As I told you, I do not doubt the truth of your experience, but we must test the spirits whether they are of God. Satan can appear as an angel of light, so the fact that you had wonderful feelings does not prove this is of God. God’s Spirit even brings “negative” feelings, when He is dealing with things that need be corrected in our life. Satan, on the other hand, is an expert at making people feel good about things that are not good at all.
In testing the spirits, the only truly reliable test is Scripture. In light of that, there are several things you should consider:
- Does the Scripture describe other people having the experience you had? In some cases it may be that those who were possessed by evil spirits would have had their bodies respond in this way, but there is nothing like this which is attributed to the Holy Spirit.
- Ephesians 4:8-12 teaches that the gifts of the Spirit are for the purpose of helping others in the body of Christ. I do not understand how uncontrolled laughing, having your legs moving as if you were bicycling up a hill, or rolling on the floor brings edification to others. How does this help others to obey or love the Lord more?

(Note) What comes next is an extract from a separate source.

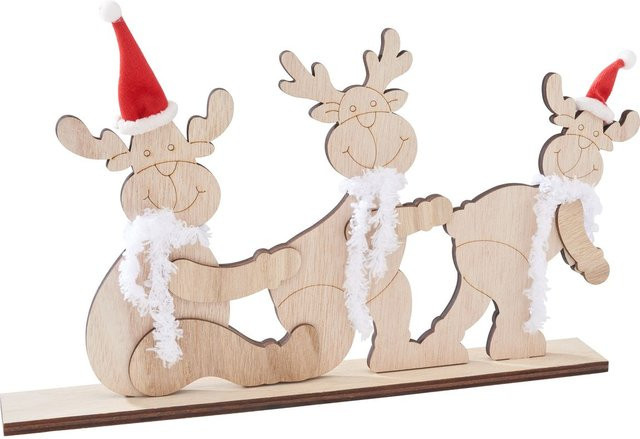 VBS Holz-Steckmotiv Elchtrio mit Mütze und Schal in Beige für die Weihnachtsdekoration - Bild 1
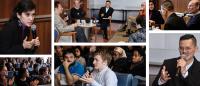 Collage of six photos of event speakers and audience members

I’m not trying to be rude, I just don’t see this at all.
- I Corinthians 14:23 teaches that the Biblical use of spiritual gifts will not result in activity which would appear insane to an unbeliever if he comes in.
- I Corinthians 14:40 says all things are to be done decently and in order. The exact definition of “decently and in order” is not given, but it seems very difficult to see the experience you described as orderly.
There is one other thing I would like you to consider. You prayed for a spiritual experience. God does not tell us to seek experiences, so this prayer was not truly in the name of Jesus. You can’t pray something in His name which He hasn’t told you to pray — that becomes your own prayer in your own name. God tells us, instead of seeking experiences, to love, trust, and obey Him.
If we seek an experience which God does not tell us to seek, Satan will be happy to provide one. The experience itself may not damage us. However, by simply convincing us that the experience is good, he turns our focus away from trusting, loving, obeying, and serving, to seeking a repeat of the experience, and new experiences. We can become experience-addicted, ever pursuing new and more exciting experiences. A spiritual experience can be a good thing, but to seek spiritual experiences is very dangerous.
I have grown to love you as a Christian brother, and I pray you will grow strong in truth. I do not want to discourage you, but to warn you from a path of self-focused experience seeking, and to urge you to carefully examine whether all that seems to be of God really is. I pray your focus will be to know and glorify God through loving obedience and service.